- 『雪風 YUKIKAZE 』ネタバレ評価レビュー
あらすじ・感想〜戦後80年・戦争映画のゆくえ
こんにちは!映画好き絵描きのタクです。
「戦後80年」の節目に公開された戦争映画『雪風 YUKIKAZE 』を見てきました。太平洋戦争が終わってちょうど80年目の終戦記念日・8月15日の公開初日・1回目の上映です。
駆逐艦雪風の存在は、子供の頃から知っていました。ぼくの子供の頃〜昭和40年代は、いまと違ってジュニア向けに太平洋戦争の軌跡をしめす様々な文学が出版されており、気がつけば好んで戦記物を読んで育ってきました。(多分、それは「時代」の流れだったんだと思います)

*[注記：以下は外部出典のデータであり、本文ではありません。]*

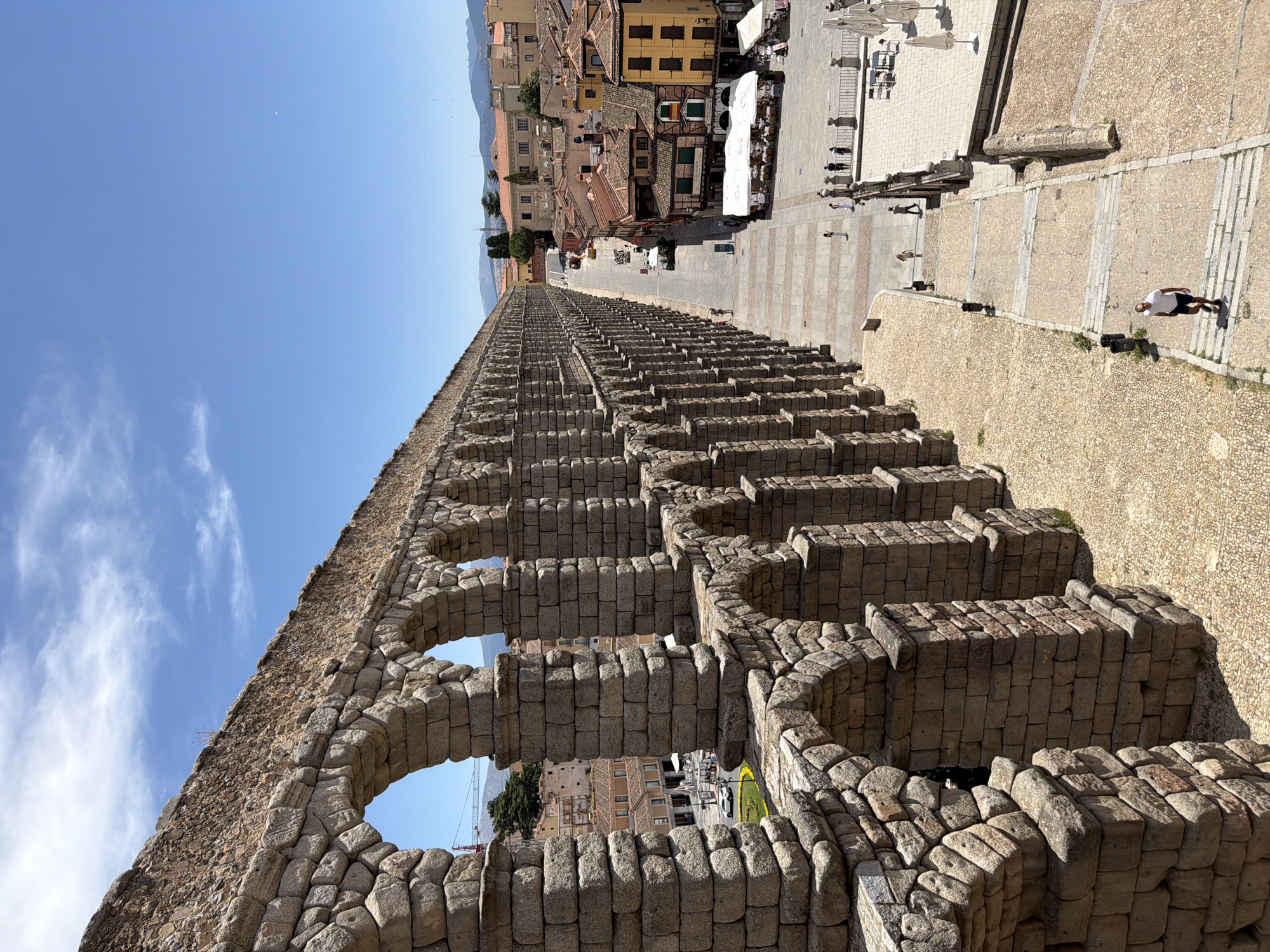 The image shows the Aqueduct of Segovia, Spain, a well-preserved Roman aqueduct that is a UNESCO World Heritage site. The aqueduct is constructed from large granite blocks and features a double tier of arches. In the foreground, the massive stone structure dominates the left side of the frame, stretching into the distance. The right side of the image reveals a city street lined with buildings, some with traditional tiled roofs and vibrant facades. People are visible walking along the street and on stairs leading up to a plaza area. The sky is clear and blue with scattered white clouds. The overall scene depicts a sunny day in Segovia, with the ancient aqueduct serving as a striking backdrop to the modern city life.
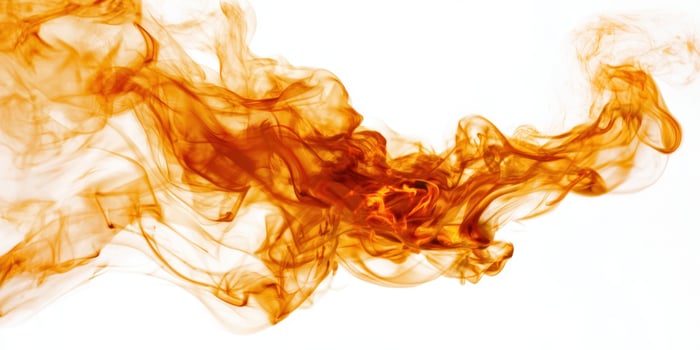 The mesmerizing dance of orange smoke captivating the viewer's imagination. photo
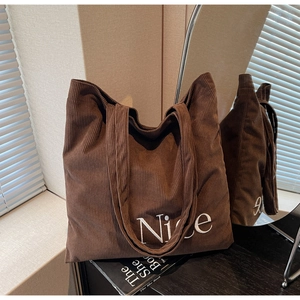 Detailed texture of brown corduroy tote bag featuring white embroidered Nice lettering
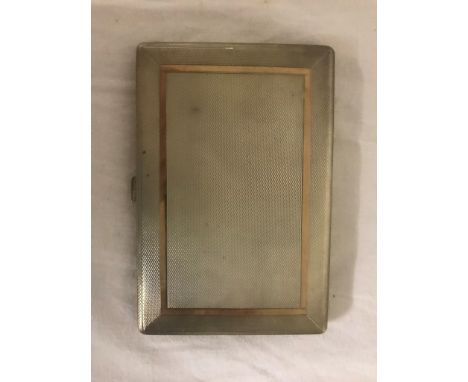 A silver and gold cigarette case by Walker & Hall
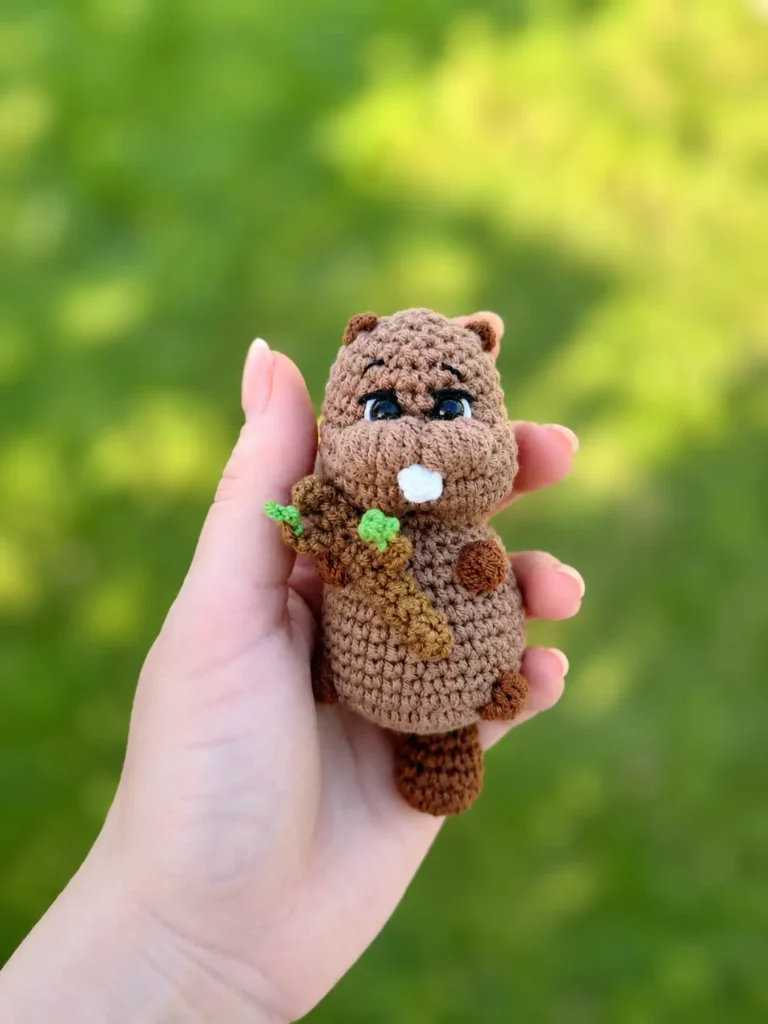 Hand holding a cute brown amigurumi beaver outside on green grass from the Bobyor crochet pattern.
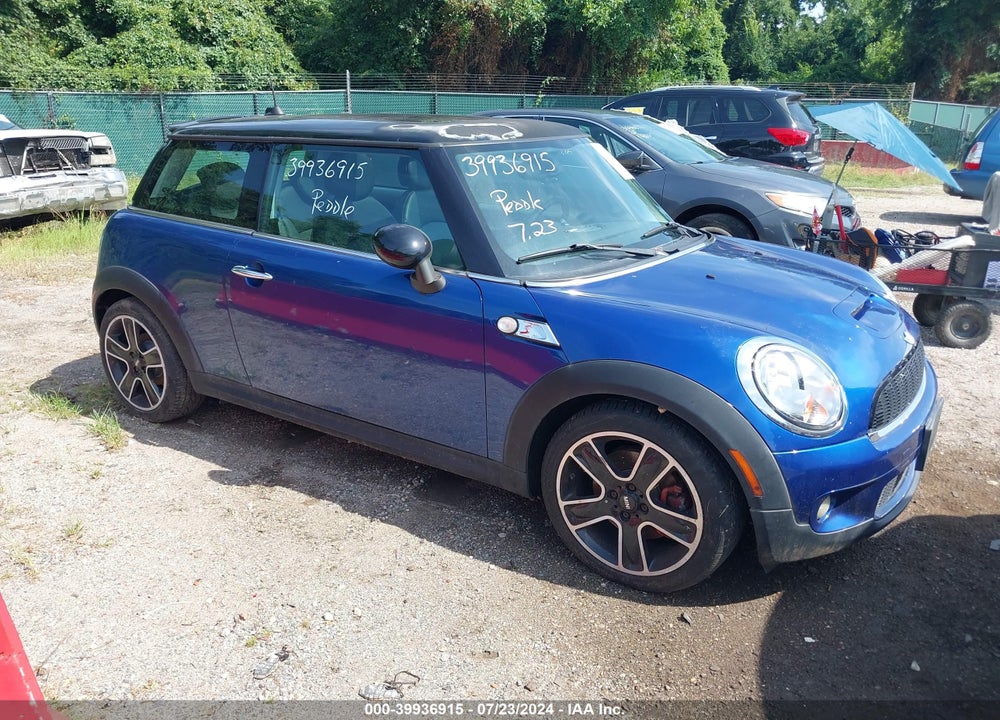 2007 MINI COOPER S VIN: WMWMF73597TL90831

「ゼロ戦と戦艦大和」といった戦争タイトルの本が本棚にはゾロゾロと並び、そんな本の中に、駆逐艦の所属する水雷戦隊の戦いぶりを書いた本があったのです。たしか「壮烈!水雷戦隊」という題と記憶しています。
雪風の活躍、そしてたどった運命を知ったのは、その本でだったと思います。雪風が幸運艦と呼ばれていたことも、そんな流れで知っていました。

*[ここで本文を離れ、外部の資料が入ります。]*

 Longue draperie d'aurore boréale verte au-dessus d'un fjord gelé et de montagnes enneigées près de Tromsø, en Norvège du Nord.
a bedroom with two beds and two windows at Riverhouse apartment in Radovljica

この映画『雪風』は、実話をもとに脚色、再構成された映画です。劇中の戦いや艦長などは史実をもとにしています。
戦争が終わって80年。もはや当時の戦争をリアルに体験し語る人も少なくなってきました。
そんな中「戦後80年」に合わせて公開された映画『雪風 YUKIKAZE 』に、ぼくは、雪風を舞台に戦争という化け物をどのように描いてくれるのか?…そんな思いを抱きながら、上映館の席に座りました。
駆逐艦『雪風』とは?

水彩で描いた『雪風』 画・ブログ著者古山拓
『雪風』とは、大日本帝国海軍の駆逐艦です。当時の駆逐艦には同型艦が多数あり、いわゆる型ーシリーズごとに艦影艤装が異なっていました。雪風は陽炎型と呼ばれる38隻中の8番艦です。生まれは1938年。呉の海軍工廠で竣工しています。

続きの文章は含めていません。